Why should a woman play a role of both a mother and a father to her children when the father is still alive? This is a question likely to be asked by a woman who is going through the emotional burden and responsibi­lity of raising children alone.

Among all the many things which don’t make sense in this world, the issue of absent fathers is one which doesn’t make sense on purpose.

Do you wonder if the men who decide to abandon their children ever regret their decisions or if they ever think about the children they have left behind?

Circumstan­ces

As a man, under what circumstan­ces would you be okay with not being a part of a child’s life you know you sired?

It is actually hard to draw a single answer to these questions because there’s common knowledge, though hardly accepted, that some men just don’t abandon their own flesh and blood, but they do so because some women push them out of their children’s lives.

As some sort of self-defence, some men say they also wonder if mothers who abandon their children have the same social obligation to feel guilt.
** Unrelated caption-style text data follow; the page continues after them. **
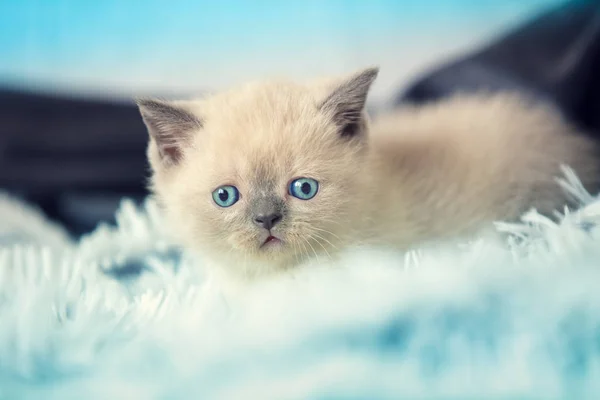 Cute Little Kitten Lying Back Soft Fluffy Blue Blanket — Stock Photo, Image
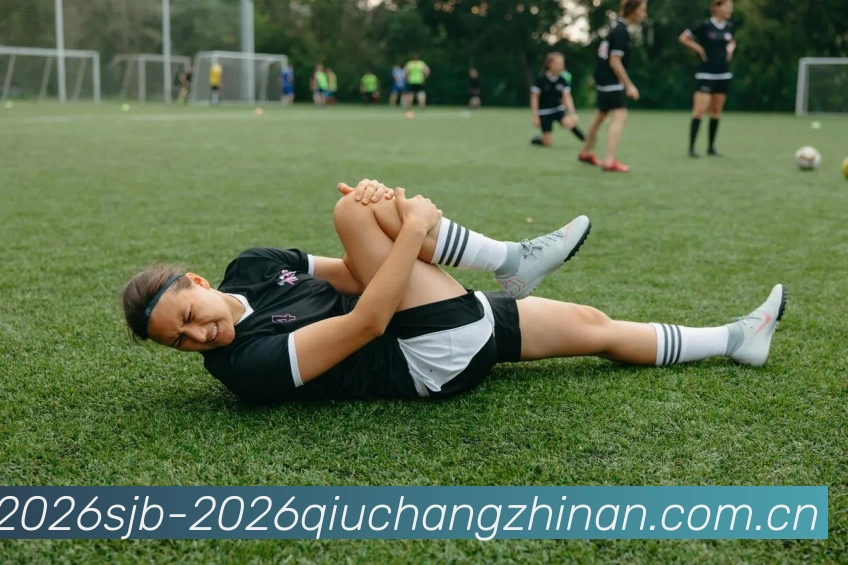 世界杯2026球场指南APP 封面图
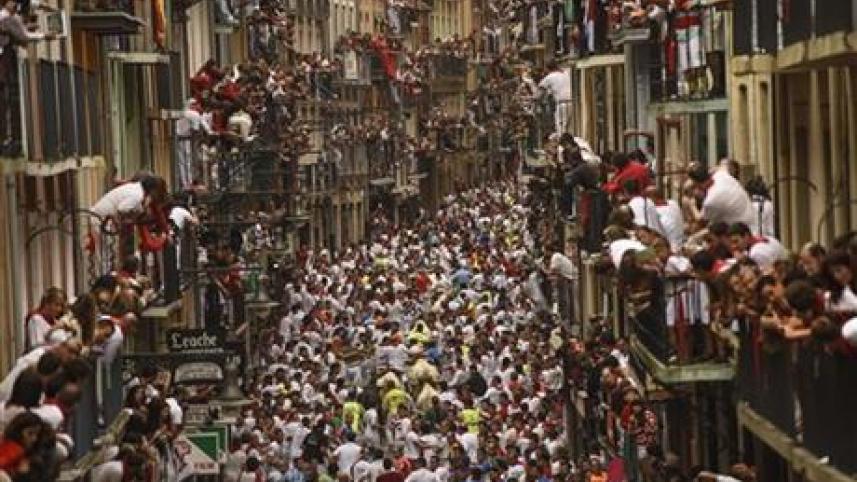bull spain 3.jpg
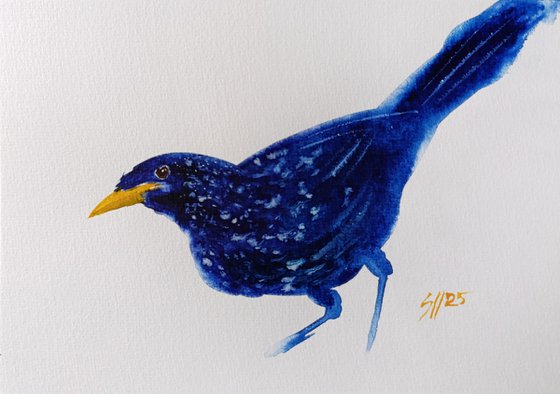 Blue bird V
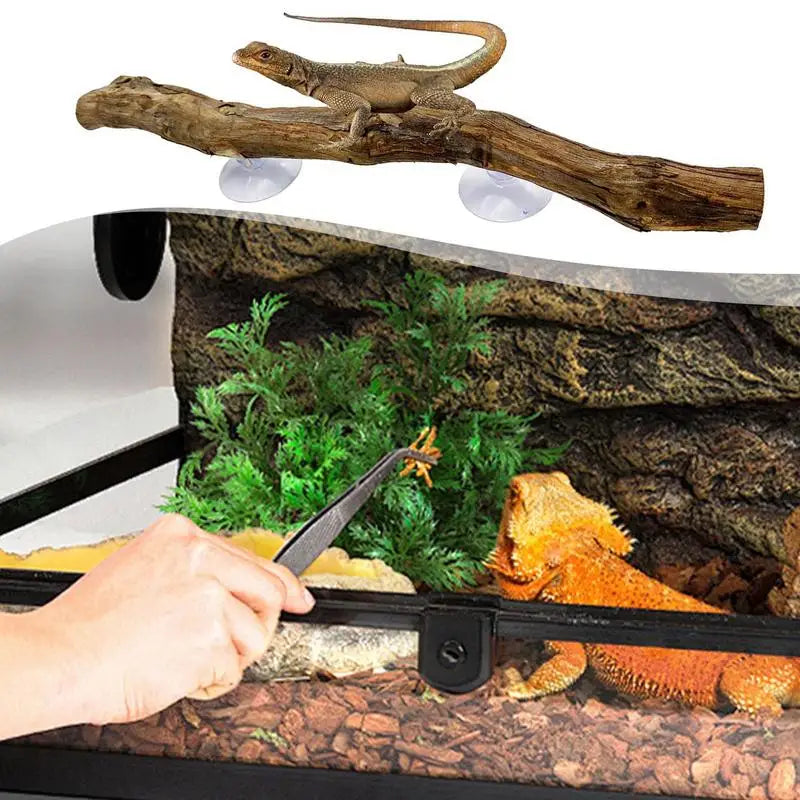 Reptile Branch Unique Terrarium Branches Climbing Accessories Natural Snake Tank Decor Reptile Decor Habitat Decorations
This attitude helps no one but frustrates everyone; the child and the parents.

Ask any young adult who has had to go through life without a father in his or her life and they will tell you how heavy emptiness feels.

Father

It is much easier to go through life knowing you don’t have a father because he passed on while you were still young, but is not so easy to learn that your father is alive but for some reasons only he can tell never saw the need to raise you.

Every person who assumes the role of being a father should remember that one day his child will follow his examples more than his advice. But whose footsteps must an abandoned child follow?

Maybe absent men should have the decency of admitting they don’t deserve to be called men because they don’t know what fatherhood is. They are just social accidents.